Like so many of the creepy supernatural thrillers
that were made for television in the ’70s, A
Cold Night’s Death is roughly equivalent to an extended Twilight Zone episode in that it’s all
about the elaborate setup for a freaky twist ending. Two inherent problems: 1)
If the audience guesses the twist prematurely, it’s slow going from that point
forward, and 2) There’s nowhere for the story to go once the business of
setting up the premise has been completed. Sure enough, A Cold Night’s Death lags quite badly in the middle, even though
it’s only 74 minutes long. Happily, the combination of an intelligent script,
dense visual atmospherics, solid acting, and a weird electronic score
compensate for the enervated narrative. Nothing in this picture is
jump-out-of-your-skin scary, but A Cold
Night’s Death is enjoyably eerie from start to finish. Frank (Eli Wallach)
and Robert (Robert Culp) are researchers tasked with operating a laboratory
installation that’s positioned atop a mountain. The brutal elevation? 14,000
feet. They’re rushed to the location ahead of schedule by helicopter, because
ground-level administrators lose contact with the lab’s previous occupant. Upon
arrival, Frank and Robert discover that their predecessor froze to death,
leaving windows open so the various primates in laboratory cages nearly died
from exposure, as well. Therefore, in addition to performing normal research,
the scientists must solve the mystery of why their predecessor died.

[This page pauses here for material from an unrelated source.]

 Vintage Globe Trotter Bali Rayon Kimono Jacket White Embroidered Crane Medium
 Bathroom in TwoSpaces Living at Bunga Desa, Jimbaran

A Cold Night’s Death takes the
slow-but-steady approach to suspense. The film’s palette is carefully
controlled, mostly blues and grays to complement the massive show drifts
outside the laboratory, and lots of scenes take place at night, with just one
character awake and prowling through empty halls while trying to identify the
sources of peculiar sounds. Culp and Wallach personify extremes effectively—Culp
plays a deeply curious man open to the possibilities of the unexplained,
whereas Wallach sketches a fellow who is rational to a fault. This, of course,
leads to tension as the situation worsens, but it’s to the filmmakers’ credit
that they don’t follow the obvious path of putting these two characters at each
other’s throats on a regular basis. Instead, the scientists duel intellectually
until circumstances force a confrontation. Through it all, the bleeps and
chirps and twangs of Gil Melle’s otherworldly electronic score jangle the
viewer’s nerves appropriately. And if the twist ending is so far-fetched as to
be a little bit goofy, well, that’s an occupational hazard for storytellers
operating in the realm that Rod Serling charted.